Taking Experience Gap for the Right Role
At a VP level, if you're moving on from your current fund, is it better to take an offer you're not as excited about or take an experience gap (let's say 3-6 months) for the right role? Personally have been looking for 6+ months and while seeing signs of life, in this market it's hard to say when the right opportunity will come along. I will be running out of my "find something" time shortly. My concern is given how incredibly competitive things seem to be for the handful of roles out there, does being unemployed during that experience gap essentially make you dead on arrival for consideration?
Saw a few comments under a separate thread but wanted to make a standalone post as I imagine others may be thinking through similar things based on where we are in the year.
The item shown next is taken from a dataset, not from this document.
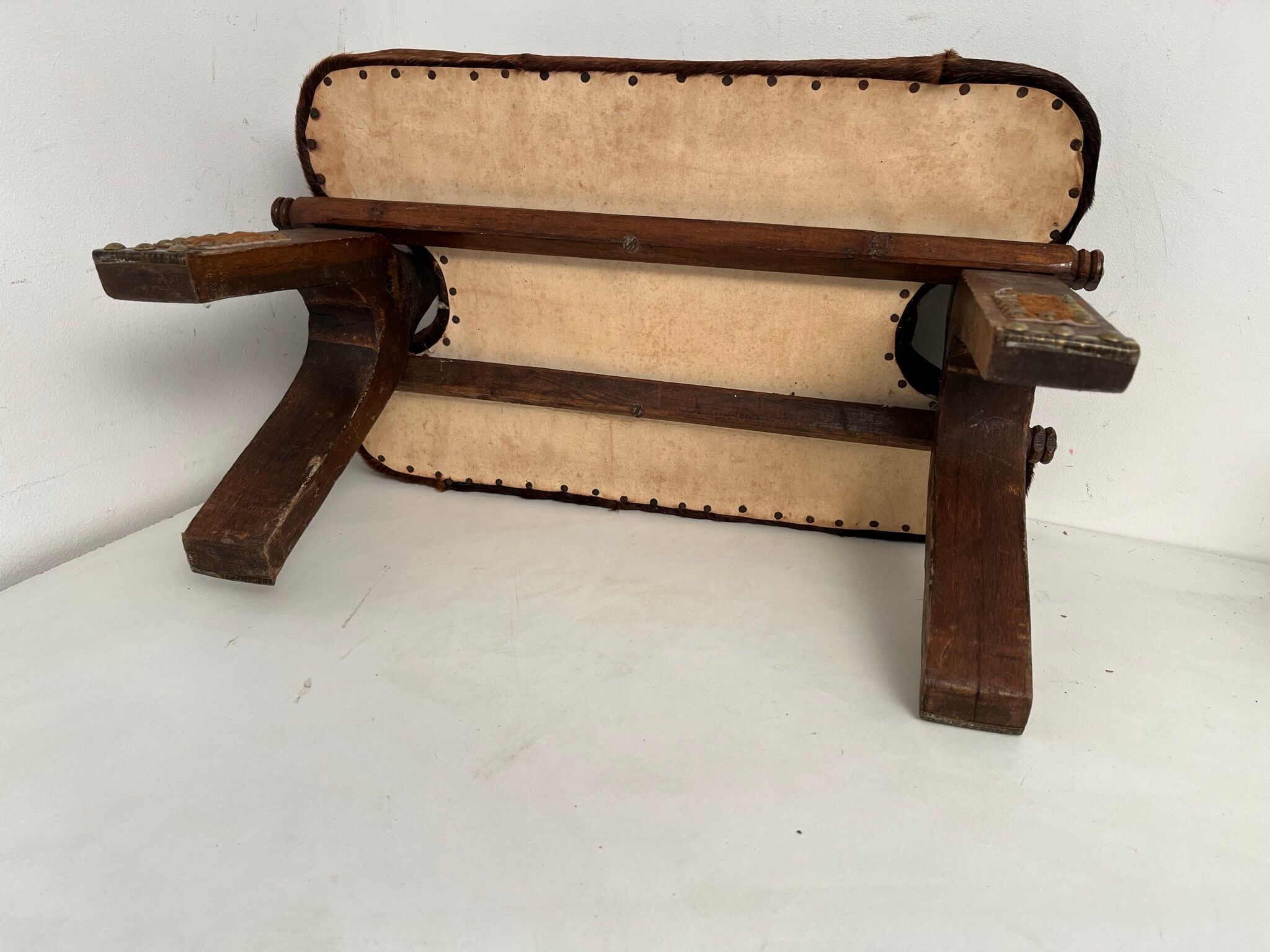 Vintage cowhide footrest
Bump. Same issue. Strong background with closed deal reps, but lateral market seems dead and worried I'll have to manage 3-4 months of unemployment.
What are your backgrounds and what are you targeting?
MF VP PE in NYC, targeting high quality MM (2-3B+ fund size) to MF. Generalist with closed deal experience in industrials and healthcare. Only looking at NYC roles.
Crossover Fund VP in SF. Spent 3 years at a MF and 2 years at T1 Bank prior to that. Focused on NYC / SF roles - open minded to stage but feel like traditional buyout will be tough given the pivot to minority. Targeting high quality, established fund ($1B+) or above.
Solid. If I were you, I wouldn't lower my standards. If you don't have a huge burn and have some savings, gap is probably fine. Like Compbanker mentioned, you can spin it as non-compete. Or more believably, most industry participants understand it's a slow market right now for laterals.
Contrary to everyone else here, I'd recommend taking the offer you have. The fundraising environment is extremely bleak and there is a massive glut of talent at the senior associate / VP level, so there isn't much reason for firms to hire at that level or they can be extraordinarily picky about who they want to hire (even at the mm / lmm level). I am generally of the view that now is the time to focus on surviving in private equity and riding out this storm until market conditions improve or otherwise risk being ejected from the industry generally.
What you might anticipate being a 3-6 month break could easily turn into something much longer than that and, at that point, your negotiating leverage is basically gone because you don't have a credible alternative of your current role to fall back on.
To be clear, I don't have another role, this is more hypothetical. I.e. do I start lowering my standards to LMM (which might negatively signal the headhunters) or take the first offer I get, or be willing to spend 3-6 months unemployed.
Could you stay at your current firm while you’re searching for your next gig? If that’s an option, then I think you should keep having a high bar. If not, I’d take whatever you can get and lateral again in 1-2 years.
There are a few big problems in the market right now in my opinion:
Extremely bleak is an overstatement. Just today, Cortec and Avista announced closed funds higher than their previous funds. New fund closings are being announced at a healthy rate. Yes, below the high watermarks of 2020-2021 but still healthy. Add to that the amount of dry powder that needs to be deployed. Even in 2023, funds were raising new capital. There were instances of larger cap funds not reaching their targets but the macro environment at that time was also worse than it is now. But more importantly, announced fund closings is actually a lagging indicator. Try looking forward.
I've been seeing similar fundraise milestones and it has improved my outlook on 2024, but I have not yet seen the impact on SrA/VP lateral hiring markets entirely yet. And as someone who has been looking for 12 months, the market is still broadly speaking, bleak. I have been told that these funds have kicked off more and more associate searches though, so my hope is they continue upward after filling basic roles.
12 months? Wow. What's your background/have you been employed the entire time?
Out of curiosity, what is driving your decision to leave your current firm?
Culture + vertical coverage
I would go against the grain here and suggest you take an offer if you get it - while the market seems to have improved relative to the last ~15 months... the mid-level landscape lags relative to juniors. I left my prior firm just about 12 months ago now, anticipating a similar 3-6 months gap period while I looked. 12 months in, and very minimal headhunter outreach or opportunities in general, I wouldn't wish it on my worst enemy. The mental stressors are astronomic and all-encompassing.
Current indicators do provide hope though, so it's going to be a test on your risk tolerance. Are you comfortable with 6-12 months? If so, then wait it out. If not, take a decent role elsewhere. 2 cents.
Thanks for the feedback, and sorry you're going through this. Would you mind sharing some seniority / background as reference?
Yea, it hasn't been the most fun, but what can you do when market presses back? FWIW, I was advised by a mentor that if I left, I should be prepare for a longer timeline at this stage in my career.
Seniority is VP level with a background of 2 years IB + 6 years PE, all mid-market tech, brand names on resume both school & work.
Depressing didn't cover it at times, lol. But when I hear qualified MBAs from top schools are also struggling post graduation, that megafund folks aren't even getting a ton of looks, it makes me feel a bit better about the past ~9 months.
Bumping this for any other opinions ^^
^bump
Unfortunately - real discussion sort of died once it got moved into the Job forum. Would love additional perspectives as well.